President Barack Obama announced today that he is pushing out $3.4 billion in stimulus spending to fund the development and construction of the much vaunted "smart grid." Significant portions of the funding will go toward subsidizing so-called smart electrical meters for large utilities. Utilities in Florida and Maryland are set to get multi-hundred million dollar grants to underwrite smart meters and other infrastructure upgrades.
But a quick read of the stimulus list implies that the government will inadvertently penalize some utilities that have already moved quickly to build smart meter programs. The biggest loser of all? California. Big utilities in the Golden State got more or less shut of funding awards from Washington D.C. on this round, according to blog Earth2Tech.
The message this skewed award decision sends is stark. California and its utilities have traditionally been in the forefront of energy conservation. The Golden State ranks fourth in the country in per person energy consumption. Among larger states with populations of over 5 million, California ranks second, behind only New York (which benefits from the unfair advantage of New York City, the most energy efficient city in the U.S.).
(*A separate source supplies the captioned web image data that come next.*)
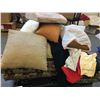 Image 1 : PALLET OF ASSORTED PILLOWS, CUSHIONS, BEDDING & CLOTHING
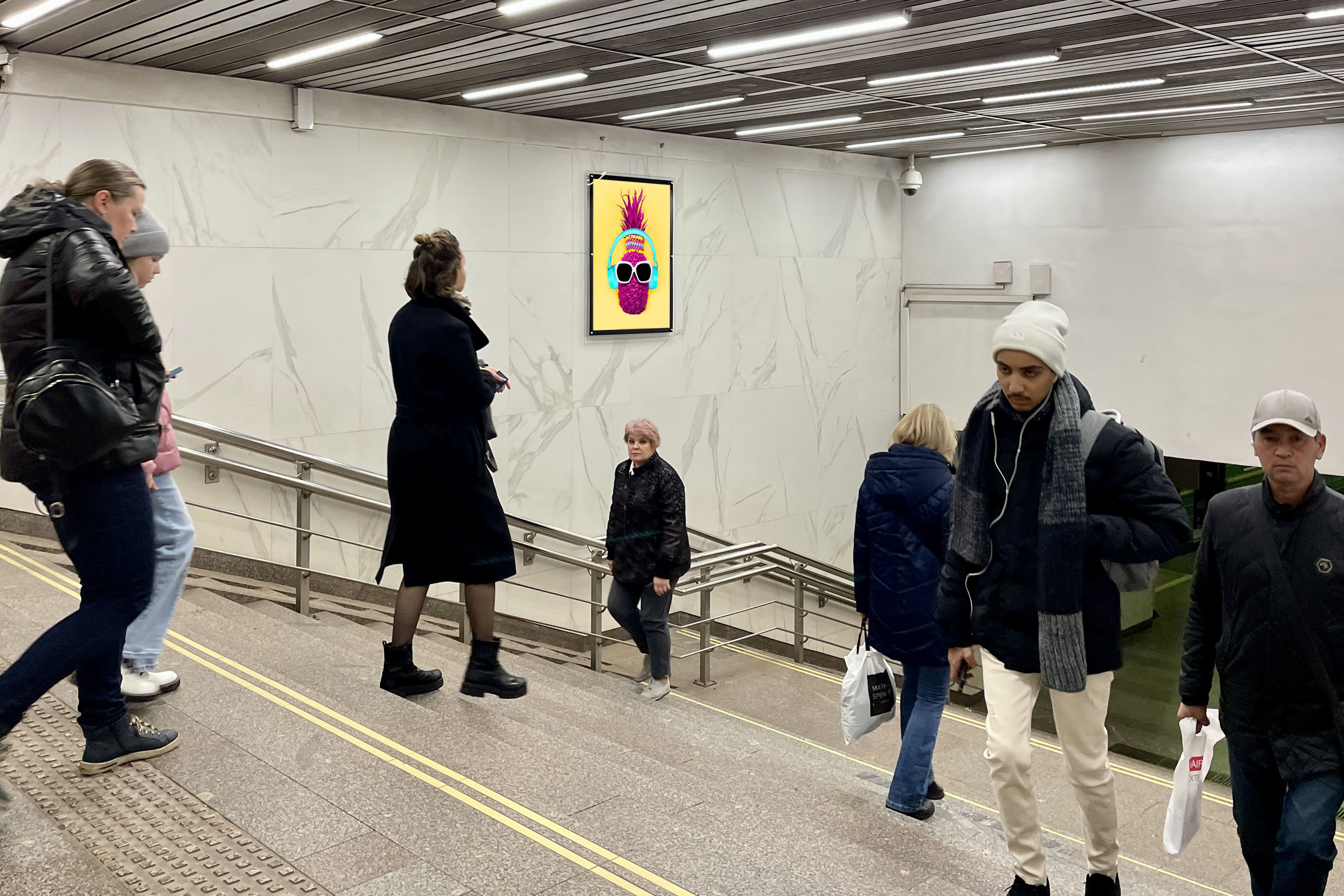 Фотография рекламного носителя, тип: Кристалайт, адрес: Станция метро «Коньково», линия Калужско-Рижская, Москва, Россия. Сторона/вариант №1001815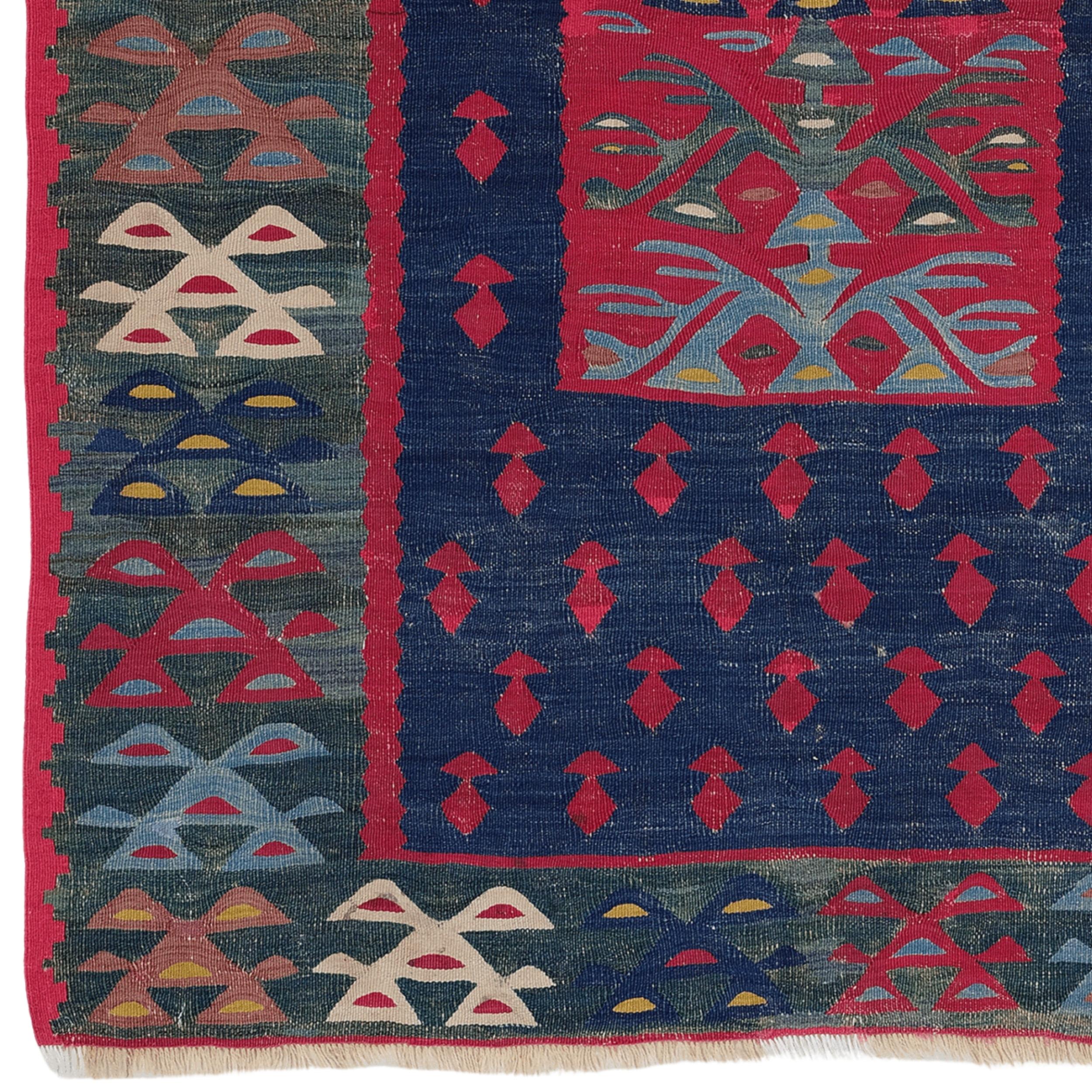 Ce superbe tapis Sarkoy est l'un des tapis tissés à la main dans la ville de Sarkoy, dans la région de Thrace en Türkiye. Riche d'une histoire ancienne, ce tapis est une œuvre d'art unique qui reflète le riche patrimoine culturel de la région.

La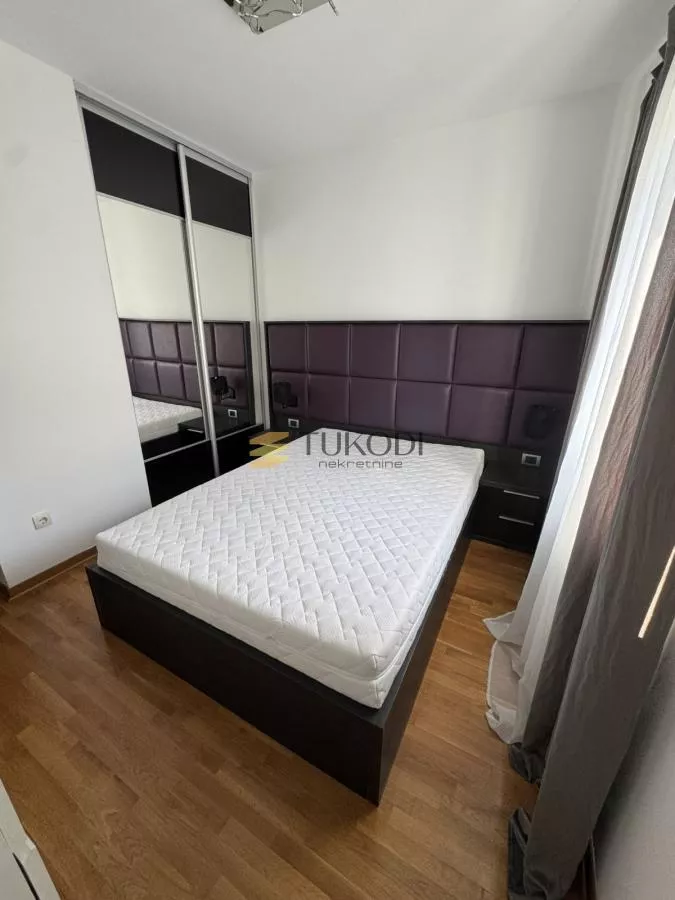 Zemun, Gornji Grad | 52 m² - potpuno opremljen - slika 4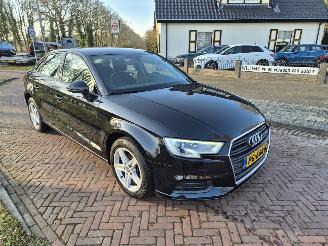 Audi A3 1.6 TDI schadevrij! picture 2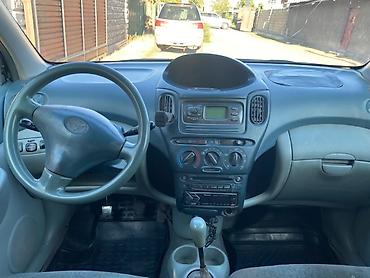 январи 5 1: Toyota Funcargo: 2001 г., 1.3 л, Механика, Бензин, Минивэн — 5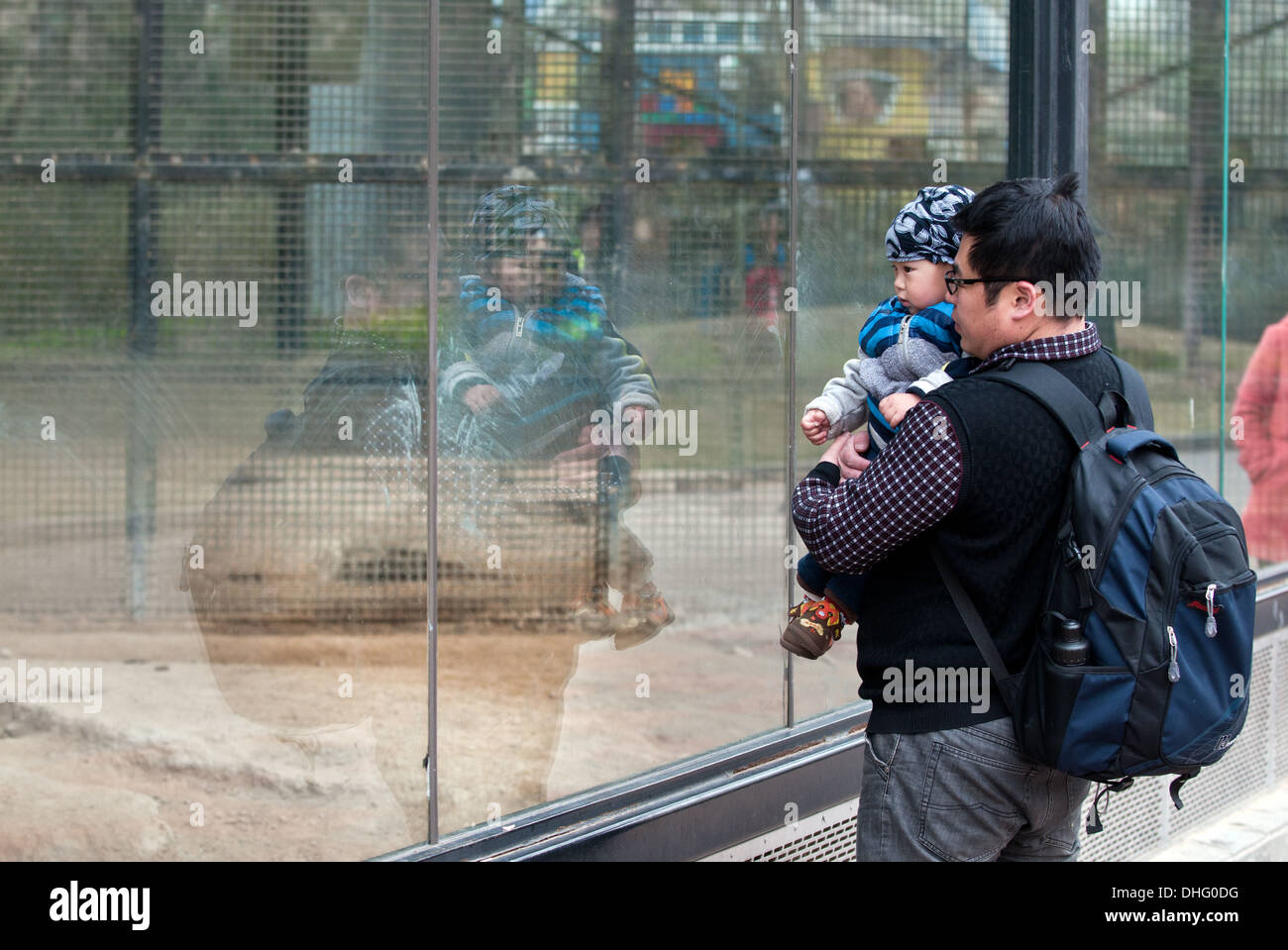 Padre con il suo bambino in allo Zoo di Pechino in Xicheng District, Pechino, Cina Foto Stock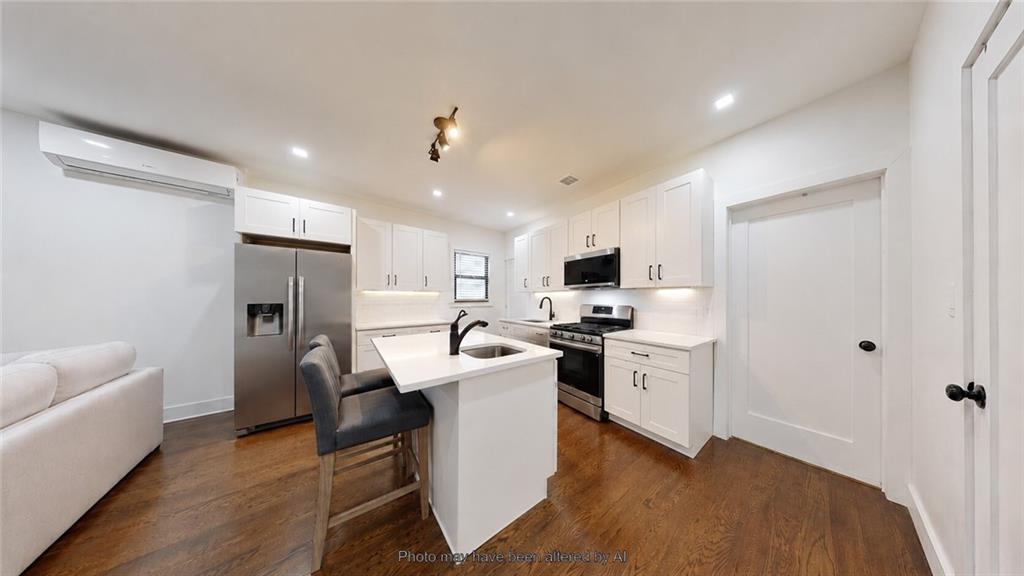 9415 Farragut Road Canarsie Brooklyn NY 11236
California also has among the most progressive green energy policy in the country, mandating that 20 percent of power used by the state come from renewable sources by 2020. In preparation for that big push, California's large utilities, Southern California Edison (EIX) and Pacific Gas & Electric (PGC), had already launched fairly aggressive smart meter initiatives. Renewable energy on the grid can mean more variability in how much and when power hits the grid (when the wind blows, when the sun shines). So smart meters that make it easier to control consumption and eliminate potential brownout situations are valuable. But one can only imagine the executives at SCE and PGE, upon watching this latest round of stimulus awards, were smarting for having moved to quickly and aggressively to go green.
The stimulus decision is puzzling in other ways. California is a huge electoral player and was a big part of why Obama won the 2008 election. Shorting the cash-strapped Golden State on much need green energy stimulus funding is an odd policy path to embrace. Equally puzzling, California has abundant potential renewal energy resources including solar, geothermal, and wind power. Letting utilities build out smart meters would make it easier for them to bring on even more green power. But shorting them means that California's utilities will need to move more slowly to absorb green power that could prove an infrastructural headache due to its variability. In other words, you don't need Wall Street to create a moral hazard with government subsidies that encourage utilities towards bad behavior and a handout from Uncle Sam.